Elle laissa la phrase en suspens, comme si elle avait peur de la compléter ou ne savait comment poursuivre. La cigarette tremblait entre ses doigts.
– Sa voix, dit-elle. C'était la voix de l'homme qui avait téléphoné en disant être Jorge Aldaya. Le fils Cabestany, un crétin arrogant, a voulu lui demander plus d'argent. Le soi-disant Coubert lui a répondu qu'il devait réfléchir à sa proposition. La nuit même, l'entrepôt des éditions à Pueblo Nuevo a brûlé, et les livres de Julián avec.

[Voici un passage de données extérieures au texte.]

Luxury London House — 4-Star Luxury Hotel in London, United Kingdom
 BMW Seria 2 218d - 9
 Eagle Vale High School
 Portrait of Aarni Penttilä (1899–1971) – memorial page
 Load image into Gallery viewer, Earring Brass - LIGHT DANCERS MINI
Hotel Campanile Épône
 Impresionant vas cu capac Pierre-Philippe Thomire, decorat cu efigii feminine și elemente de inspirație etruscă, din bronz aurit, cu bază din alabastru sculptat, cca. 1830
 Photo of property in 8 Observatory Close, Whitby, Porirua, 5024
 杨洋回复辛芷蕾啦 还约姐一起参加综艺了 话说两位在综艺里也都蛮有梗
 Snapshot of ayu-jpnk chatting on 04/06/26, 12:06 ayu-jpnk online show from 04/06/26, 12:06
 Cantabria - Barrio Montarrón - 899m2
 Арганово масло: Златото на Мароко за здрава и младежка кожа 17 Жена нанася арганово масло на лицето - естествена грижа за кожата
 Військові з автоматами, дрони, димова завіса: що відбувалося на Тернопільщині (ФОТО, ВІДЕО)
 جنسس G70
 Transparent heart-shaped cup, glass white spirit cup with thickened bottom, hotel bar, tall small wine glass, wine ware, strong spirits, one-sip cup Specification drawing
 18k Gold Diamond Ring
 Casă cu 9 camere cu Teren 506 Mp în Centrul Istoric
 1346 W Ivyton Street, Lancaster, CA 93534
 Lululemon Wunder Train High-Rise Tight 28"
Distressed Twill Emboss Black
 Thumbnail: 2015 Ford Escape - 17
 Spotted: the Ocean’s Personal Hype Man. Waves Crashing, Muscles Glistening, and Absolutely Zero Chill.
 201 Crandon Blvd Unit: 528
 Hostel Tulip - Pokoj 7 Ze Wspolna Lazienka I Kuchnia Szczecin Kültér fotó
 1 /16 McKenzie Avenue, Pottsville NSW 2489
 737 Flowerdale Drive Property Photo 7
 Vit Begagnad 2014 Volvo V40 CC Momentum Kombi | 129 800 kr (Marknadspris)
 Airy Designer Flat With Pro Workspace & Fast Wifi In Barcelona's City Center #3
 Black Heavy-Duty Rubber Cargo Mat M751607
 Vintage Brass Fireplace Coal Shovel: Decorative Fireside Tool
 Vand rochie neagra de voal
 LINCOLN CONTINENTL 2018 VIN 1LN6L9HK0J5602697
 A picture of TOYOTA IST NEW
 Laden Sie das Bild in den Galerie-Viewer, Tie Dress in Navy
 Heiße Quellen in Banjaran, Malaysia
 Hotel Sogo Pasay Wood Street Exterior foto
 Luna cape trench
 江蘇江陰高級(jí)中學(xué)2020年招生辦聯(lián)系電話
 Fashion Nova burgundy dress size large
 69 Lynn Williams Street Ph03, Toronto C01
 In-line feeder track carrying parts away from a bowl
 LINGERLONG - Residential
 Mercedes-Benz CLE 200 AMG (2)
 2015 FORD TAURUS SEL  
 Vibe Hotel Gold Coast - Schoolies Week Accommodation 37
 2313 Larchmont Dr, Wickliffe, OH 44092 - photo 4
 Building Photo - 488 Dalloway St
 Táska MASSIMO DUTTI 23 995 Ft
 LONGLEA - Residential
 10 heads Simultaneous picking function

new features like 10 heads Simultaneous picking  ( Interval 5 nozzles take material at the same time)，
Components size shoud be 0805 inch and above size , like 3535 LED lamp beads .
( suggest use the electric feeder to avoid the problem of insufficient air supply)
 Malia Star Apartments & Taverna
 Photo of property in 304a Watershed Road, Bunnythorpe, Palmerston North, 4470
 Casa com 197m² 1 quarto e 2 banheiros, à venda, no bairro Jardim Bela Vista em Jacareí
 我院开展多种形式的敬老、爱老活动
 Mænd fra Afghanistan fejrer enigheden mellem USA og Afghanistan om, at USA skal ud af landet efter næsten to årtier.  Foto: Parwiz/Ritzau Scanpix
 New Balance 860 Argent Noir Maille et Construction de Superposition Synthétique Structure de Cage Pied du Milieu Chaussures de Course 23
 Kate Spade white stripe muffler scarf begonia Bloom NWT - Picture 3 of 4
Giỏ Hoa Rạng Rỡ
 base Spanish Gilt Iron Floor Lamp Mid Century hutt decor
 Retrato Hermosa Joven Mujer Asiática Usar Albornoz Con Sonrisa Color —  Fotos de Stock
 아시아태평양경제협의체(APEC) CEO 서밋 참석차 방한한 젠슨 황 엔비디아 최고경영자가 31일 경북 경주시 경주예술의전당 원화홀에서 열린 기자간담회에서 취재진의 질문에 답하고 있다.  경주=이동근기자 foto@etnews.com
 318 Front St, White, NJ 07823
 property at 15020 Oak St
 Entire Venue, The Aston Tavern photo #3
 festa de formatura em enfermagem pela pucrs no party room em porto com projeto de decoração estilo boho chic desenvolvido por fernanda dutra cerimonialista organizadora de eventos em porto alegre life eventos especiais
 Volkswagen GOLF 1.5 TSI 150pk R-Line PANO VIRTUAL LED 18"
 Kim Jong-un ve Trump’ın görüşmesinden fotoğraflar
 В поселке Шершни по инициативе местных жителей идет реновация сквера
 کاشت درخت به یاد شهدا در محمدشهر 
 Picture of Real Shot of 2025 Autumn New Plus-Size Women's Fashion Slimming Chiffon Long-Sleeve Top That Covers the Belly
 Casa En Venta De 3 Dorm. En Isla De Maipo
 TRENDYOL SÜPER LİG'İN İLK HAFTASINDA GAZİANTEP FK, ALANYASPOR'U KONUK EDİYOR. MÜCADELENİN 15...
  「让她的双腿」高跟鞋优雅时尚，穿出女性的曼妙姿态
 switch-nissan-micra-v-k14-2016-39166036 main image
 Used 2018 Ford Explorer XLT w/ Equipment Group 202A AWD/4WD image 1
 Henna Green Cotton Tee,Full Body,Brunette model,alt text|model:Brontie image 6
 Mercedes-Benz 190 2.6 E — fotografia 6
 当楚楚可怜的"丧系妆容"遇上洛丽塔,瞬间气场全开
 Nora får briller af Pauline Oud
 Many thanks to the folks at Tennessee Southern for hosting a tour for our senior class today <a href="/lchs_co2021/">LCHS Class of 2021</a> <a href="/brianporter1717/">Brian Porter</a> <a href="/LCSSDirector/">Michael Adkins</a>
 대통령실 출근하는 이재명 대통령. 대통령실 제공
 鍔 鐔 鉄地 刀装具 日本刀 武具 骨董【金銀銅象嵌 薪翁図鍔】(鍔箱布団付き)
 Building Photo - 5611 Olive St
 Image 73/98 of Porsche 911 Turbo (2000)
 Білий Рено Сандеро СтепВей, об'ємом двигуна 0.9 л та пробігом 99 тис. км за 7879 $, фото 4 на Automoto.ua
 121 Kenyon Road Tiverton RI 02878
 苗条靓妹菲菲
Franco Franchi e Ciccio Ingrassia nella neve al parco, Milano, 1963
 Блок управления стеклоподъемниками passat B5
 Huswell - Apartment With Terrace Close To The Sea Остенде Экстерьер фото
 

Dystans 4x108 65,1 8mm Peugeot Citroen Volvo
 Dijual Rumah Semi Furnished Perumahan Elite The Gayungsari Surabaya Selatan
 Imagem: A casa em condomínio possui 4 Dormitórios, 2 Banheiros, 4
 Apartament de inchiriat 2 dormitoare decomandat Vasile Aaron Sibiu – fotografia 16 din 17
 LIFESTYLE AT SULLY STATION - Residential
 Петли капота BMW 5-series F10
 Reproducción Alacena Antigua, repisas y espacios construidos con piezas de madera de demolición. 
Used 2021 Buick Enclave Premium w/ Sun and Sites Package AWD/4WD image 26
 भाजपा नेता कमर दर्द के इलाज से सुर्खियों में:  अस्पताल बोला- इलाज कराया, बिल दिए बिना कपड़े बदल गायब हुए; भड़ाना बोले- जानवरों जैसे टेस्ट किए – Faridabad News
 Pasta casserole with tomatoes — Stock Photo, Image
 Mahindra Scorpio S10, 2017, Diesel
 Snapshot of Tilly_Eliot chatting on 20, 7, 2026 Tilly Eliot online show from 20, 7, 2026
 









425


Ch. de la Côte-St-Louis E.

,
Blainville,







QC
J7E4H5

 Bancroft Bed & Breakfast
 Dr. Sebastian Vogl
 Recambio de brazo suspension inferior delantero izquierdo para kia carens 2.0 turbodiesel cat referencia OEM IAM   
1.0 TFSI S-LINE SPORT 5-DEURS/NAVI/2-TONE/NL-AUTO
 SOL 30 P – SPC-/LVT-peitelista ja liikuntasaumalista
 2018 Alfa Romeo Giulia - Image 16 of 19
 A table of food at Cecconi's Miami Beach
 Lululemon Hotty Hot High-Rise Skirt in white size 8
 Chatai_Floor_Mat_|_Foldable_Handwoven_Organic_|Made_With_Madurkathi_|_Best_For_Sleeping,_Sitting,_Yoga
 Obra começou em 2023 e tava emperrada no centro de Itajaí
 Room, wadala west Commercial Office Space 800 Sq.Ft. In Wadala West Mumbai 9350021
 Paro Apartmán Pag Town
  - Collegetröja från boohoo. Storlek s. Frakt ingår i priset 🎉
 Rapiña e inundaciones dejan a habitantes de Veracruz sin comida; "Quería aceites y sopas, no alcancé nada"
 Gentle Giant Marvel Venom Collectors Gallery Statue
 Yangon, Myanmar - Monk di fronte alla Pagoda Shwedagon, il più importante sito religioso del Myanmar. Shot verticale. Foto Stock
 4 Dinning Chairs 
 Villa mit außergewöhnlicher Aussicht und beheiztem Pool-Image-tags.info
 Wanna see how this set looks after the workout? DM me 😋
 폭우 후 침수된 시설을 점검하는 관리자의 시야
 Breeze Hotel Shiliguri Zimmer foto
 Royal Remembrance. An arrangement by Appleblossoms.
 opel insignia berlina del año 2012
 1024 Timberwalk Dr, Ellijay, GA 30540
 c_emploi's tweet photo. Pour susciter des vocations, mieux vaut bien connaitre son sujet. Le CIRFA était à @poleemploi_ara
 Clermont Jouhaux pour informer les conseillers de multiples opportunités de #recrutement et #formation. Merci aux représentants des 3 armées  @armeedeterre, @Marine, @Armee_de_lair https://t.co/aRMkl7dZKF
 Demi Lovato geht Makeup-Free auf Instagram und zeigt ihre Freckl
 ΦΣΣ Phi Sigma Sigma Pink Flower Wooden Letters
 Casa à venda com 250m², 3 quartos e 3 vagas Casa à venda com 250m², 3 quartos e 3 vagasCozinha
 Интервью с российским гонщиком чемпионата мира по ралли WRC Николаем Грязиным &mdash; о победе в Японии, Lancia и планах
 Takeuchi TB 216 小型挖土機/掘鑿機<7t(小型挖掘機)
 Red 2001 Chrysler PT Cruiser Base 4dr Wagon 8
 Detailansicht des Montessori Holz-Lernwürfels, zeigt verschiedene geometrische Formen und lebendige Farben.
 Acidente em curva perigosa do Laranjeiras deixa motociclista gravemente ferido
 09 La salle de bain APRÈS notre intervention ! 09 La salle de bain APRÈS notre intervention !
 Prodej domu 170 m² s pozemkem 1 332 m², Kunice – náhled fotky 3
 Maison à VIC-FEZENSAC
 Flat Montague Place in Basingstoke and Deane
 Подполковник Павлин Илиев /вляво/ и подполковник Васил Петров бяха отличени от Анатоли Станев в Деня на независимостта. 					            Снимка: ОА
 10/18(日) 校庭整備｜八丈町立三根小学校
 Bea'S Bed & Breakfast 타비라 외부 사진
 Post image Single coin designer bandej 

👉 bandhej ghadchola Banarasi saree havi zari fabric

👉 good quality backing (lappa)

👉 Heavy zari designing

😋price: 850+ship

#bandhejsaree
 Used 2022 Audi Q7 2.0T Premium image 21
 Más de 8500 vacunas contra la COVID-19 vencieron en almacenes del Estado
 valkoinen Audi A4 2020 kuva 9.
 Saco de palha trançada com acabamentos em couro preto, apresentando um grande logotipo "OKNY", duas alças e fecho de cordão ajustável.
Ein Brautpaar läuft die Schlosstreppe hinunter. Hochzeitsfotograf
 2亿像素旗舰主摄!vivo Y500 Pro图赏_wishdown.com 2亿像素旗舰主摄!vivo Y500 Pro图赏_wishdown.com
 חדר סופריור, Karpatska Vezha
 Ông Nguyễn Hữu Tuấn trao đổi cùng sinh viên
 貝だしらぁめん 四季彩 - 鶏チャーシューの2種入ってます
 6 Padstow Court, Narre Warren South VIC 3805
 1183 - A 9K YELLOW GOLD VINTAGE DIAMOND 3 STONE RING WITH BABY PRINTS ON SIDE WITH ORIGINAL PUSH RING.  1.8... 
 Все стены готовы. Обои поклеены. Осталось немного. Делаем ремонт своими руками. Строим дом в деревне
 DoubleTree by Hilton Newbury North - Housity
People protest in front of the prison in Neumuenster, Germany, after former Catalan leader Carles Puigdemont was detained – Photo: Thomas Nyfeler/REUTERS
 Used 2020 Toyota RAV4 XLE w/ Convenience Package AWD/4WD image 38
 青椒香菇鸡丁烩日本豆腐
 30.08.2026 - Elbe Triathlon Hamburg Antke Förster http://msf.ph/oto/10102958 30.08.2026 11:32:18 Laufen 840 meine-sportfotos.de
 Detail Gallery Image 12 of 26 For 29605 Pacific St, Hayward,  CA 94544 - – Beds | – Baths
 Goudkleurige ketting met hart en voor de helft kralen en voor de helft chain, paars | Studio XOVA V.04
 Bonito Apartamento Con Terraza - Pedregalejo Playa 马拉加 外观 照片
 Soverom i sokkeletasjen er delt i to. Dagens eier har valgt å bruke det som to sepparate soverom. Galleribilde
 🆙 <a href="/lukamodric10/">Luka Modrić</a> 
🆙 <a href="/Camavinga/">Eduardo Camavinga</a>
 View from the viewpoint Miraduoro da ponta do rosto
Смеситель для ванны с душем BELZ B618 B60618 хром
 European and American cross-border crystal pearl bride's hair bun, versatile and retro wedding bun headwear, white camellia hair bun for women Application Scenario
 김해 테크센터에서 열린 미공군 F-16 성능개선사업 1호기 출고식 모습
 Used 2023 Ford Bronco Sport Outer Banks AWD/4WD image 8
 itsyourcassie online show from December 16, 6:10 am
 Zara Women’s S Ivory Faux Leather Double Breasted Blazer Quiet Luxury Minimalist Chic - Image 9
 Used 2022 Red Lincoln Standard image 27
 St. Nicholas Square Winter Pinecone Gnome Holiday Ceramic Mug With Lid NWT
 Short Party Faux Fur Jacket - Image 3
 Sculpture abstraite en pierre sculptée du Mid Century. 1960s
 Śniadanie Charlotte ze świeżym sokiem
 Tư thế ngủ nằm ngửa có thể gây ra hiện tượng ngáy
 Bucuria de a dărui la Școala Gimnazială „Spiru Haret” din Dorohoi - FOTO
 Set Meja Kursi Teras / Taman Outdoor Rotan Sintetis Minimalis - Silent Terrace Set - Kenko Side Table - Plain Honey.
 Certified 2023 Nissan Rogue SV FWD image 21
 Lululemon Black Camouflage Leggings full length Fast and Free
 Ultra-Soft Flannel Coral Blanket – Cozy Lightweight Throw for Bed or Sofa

– Moins ceux que vous aviez sauvés et cachés le Cimetière des Livres Oubliés.
– C'est cela.
– Avez-vous une idée de la raison pour laquelle quelqu'un voulait brûler tous les livres de Julián Carax ?
– Pourquoi brûle-t-on les livres ? Par stupidité, par ignorance, par haine... allez savoir.
– Mais vous, que croyez-vous ? insistai-je.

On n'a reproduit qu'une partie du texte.